Fourth, the use of retrospective administrative data introduces the possibility of misclassification and incomplete documentation. Fifth, psychiatric diagnoses were based on preliminary assessments conducted in a prehospital emergency setting, which may limit diagnostic accuracy compared with comprehensive psychiatric evaluation. Finally, the findings are derived from a single metropolitan emergency medical service system and may not be fully generalizable to different healthcare systems, cultural contexts, or pandemic trajectories.

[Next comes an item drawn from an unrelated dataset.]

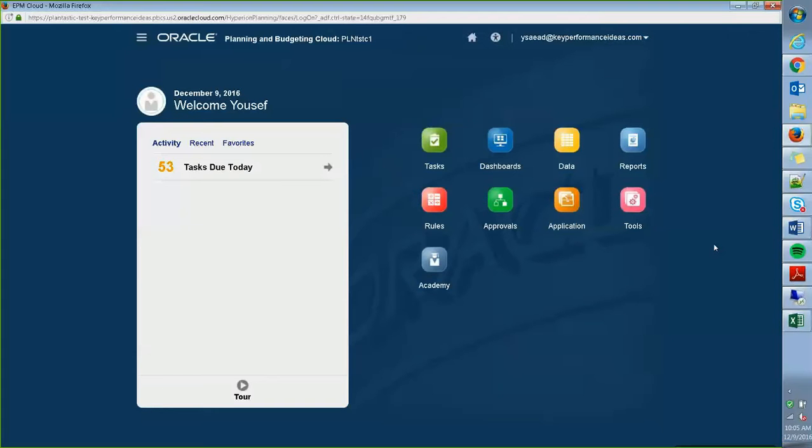Hi. My name is Yousef with Key Performance Ideas and today I'm going to be talking about scheduling jobs using the simplified interface.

Future studies may benefit from integrating diagnostic categories with triage-based severity measures to provide a more comprehensive understanding of clinical presentation patterns within emergency medical service systems.
CONCLUSION
This observational study highlights significant changes in prehospital psychiatric emergency presentations within the İstanbul emergency medical service system during the COVID-19 pandemic. Key findings include increased overall utilization, demographic shifts towards male and elderly patients, a marked rise in alcohol-related disorders, and a trend towards higher clinical acuity. These findings must be understood as associations, given the constraints of a quasi-experimental design lacking a control group. The data presented do not establish causal relationships between the pandemic and the observed changes; however, they offer descriptive evidence that can inform the planning of emergency psychiatric services and identify areas that require further investigation using more rigorous methodologies.